_Exercise input_
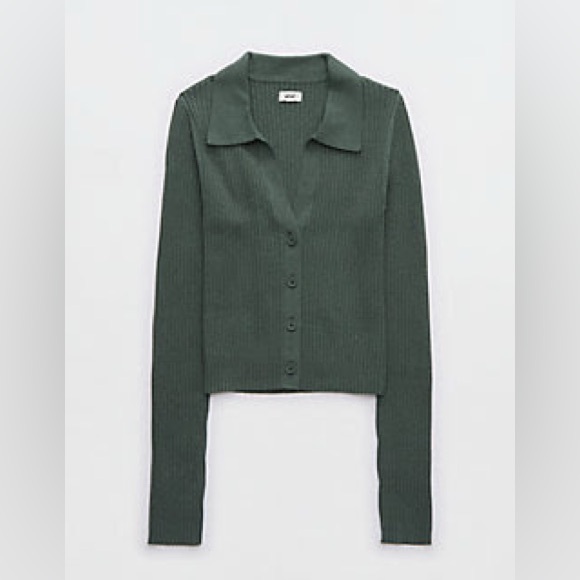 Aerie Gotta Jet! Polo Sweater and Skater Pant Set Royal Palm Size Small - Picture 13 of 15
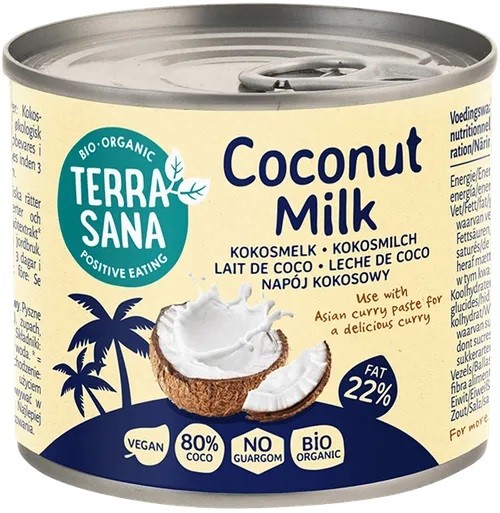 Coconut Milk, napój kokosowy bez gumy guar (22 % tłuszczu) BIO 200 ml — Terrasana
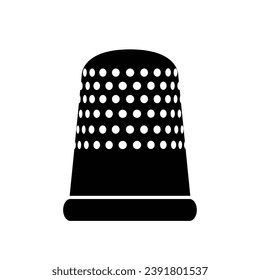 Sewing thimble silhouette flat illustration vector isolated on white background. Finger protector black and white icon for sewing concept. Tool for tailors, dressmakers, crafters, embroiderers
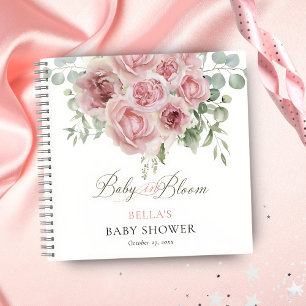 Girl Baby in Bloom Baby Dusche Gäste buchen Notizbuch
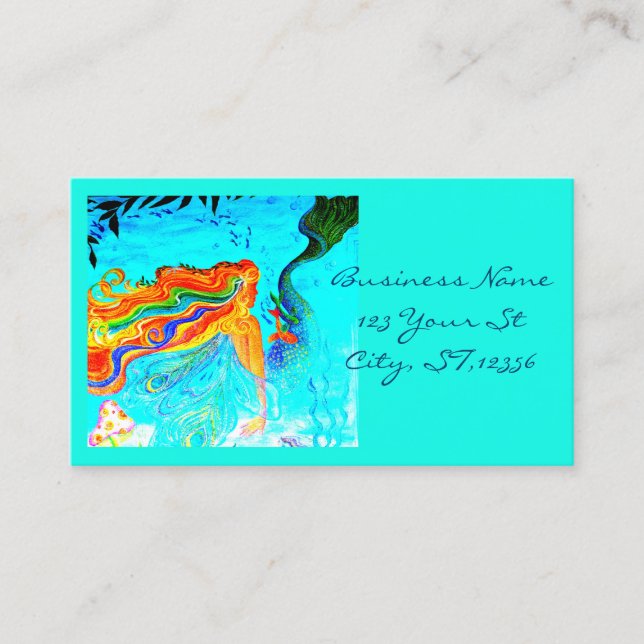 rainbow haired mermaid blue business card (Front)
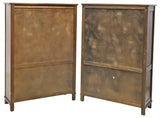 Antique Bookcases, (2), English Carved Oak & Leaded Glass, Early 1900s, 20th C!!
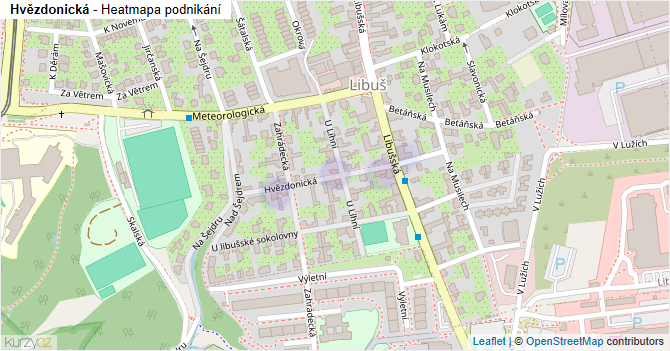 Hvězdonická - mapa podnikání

_Action item_
Quote only the lines that start at the line holding "rainbow haired mermaid" and end at the last line of the entries, including both of those lines, and omit every picture.

_Solution for this problem_
 rainbow haired mermaid blue business card (Front)
 Antique Bookcases, (2), English Carved Oak & Leaded Glass, Early 1900s, 20th C!!
 Hvězdonická - mapa podnikání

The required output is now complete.